*Given records*:
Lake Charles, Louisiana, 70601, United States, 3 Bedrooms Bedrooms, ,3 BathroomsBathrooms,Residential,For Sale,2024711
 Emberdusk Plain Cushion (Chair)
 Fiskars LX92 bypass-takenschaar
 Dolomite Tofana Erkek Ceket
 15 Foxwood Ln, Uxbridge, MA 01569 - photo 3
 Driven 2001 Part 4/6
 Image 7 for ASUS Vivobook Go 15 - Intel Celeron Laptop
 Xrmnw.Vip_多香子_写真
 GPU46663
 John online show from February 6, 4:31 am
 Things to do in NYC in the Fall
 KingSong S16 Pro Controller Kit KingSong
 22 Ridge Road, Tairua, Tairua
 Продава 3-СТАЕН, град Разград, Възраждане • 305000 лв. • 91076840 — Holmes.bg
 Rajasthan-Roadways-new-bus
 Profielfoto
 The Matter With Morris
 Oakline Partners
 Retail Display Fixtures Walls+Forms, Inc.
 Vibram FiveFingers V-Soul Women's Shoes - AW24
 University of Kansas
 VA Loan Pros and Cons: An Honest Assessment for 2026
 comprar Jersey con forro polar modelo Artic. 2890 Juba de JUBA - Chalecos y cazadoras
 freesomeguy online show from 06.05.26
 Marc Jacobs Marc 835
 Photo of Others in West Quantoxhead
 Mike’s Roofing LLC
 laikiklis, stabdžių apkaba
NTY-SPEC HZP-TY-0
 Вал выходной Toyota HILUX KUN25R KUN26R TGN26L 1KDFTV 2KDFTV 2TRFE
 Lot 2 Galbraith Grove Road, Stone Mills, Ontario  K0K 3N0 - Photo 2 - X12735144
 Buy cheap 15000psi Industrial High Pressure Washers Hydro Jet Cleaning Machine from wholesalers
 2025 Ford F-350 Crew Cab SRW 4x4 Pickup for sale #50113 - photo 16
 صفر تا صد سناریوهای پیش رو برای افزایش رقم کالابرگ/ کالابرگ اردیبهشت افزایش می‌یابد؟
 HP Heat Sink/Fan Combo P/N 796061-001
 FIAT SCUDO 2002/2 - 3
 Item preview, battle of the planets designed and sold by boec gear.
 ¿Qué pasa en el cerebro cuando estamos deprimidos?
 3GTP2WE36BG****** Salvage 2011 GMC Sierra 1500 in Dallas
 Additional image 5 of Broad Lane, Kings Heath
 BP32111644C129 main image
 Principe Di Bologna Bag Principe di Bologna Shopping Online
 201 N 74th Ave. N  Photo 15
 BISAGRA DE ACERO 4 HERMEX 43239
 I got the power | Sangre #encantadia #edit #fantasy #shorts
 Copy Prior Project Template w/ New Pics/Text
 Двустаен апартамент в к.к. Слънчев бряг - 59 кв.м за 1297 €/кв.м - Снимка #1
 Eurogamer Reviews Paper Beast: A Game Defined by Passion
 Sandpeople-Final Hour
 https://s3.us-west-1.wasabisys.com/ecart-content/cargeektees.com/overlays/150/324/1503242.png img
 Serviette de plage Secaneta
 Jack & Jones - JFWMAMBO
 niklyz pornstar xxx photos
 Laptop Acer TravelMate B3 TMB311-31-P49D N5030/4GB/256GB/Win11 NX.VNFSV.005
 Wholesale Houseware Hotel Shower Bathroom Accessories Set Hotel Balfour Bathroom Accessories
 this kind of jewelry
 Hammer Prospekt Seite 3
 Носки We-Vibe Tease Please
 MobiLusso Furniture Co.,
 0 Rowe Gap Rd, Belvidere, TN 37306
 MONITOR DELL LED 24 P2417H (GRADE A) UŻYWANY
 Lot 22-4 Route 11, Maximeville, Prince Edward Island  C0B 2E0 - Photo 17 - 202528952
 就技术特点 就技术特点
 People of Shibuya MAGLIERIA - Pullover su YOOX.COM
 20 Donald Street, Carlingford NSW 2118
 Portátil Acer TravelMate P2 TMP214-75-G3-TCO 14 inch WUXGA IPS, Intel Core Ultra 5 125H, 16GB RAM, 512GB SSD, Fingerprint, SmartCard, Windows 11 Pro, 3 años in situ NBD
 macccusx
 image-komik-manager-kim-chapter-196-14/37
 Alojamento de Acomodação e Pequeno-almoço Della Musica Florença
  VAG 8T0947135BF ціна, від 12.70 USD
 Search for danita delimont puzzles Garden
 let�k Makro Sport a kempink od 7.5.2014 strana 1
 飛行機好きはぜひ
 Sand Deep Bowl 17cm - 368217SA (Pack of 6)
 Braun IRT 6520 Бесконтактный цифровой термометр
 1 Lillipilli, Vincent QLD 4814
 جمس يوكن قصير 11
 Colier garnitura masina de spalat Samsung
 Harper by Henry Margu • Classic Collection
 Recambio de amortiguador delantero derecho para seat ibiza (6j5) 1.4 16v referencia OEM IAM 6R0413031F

*Problem to solve*:
Beginning with the line that has "Principe Di Bologna Bag" and ending with the line that has "Sandpeople-Final Hour", set down the lines above exactly and include no others.

*The completed task*:
 Principe Di Bologna Bag Principe di Bologna Shopping Online
 201 N 74th Ave. N  Photo 15
 BISAGRA DE ACERO 4 HERMEX 43239
 I got the power | Sangre #encantadia #edit #fantasy #shorts
 Copy Prior Project Template w/ New Pics/Text
 Двустаен апартамент в к.к. Слънчев бряг - 59 кв.м за 1297 €/кв.м - Снимка #1
 Eurogamer Reviews Paper Beast: A Game Defined by Passion
 Sandpeople-Final Hour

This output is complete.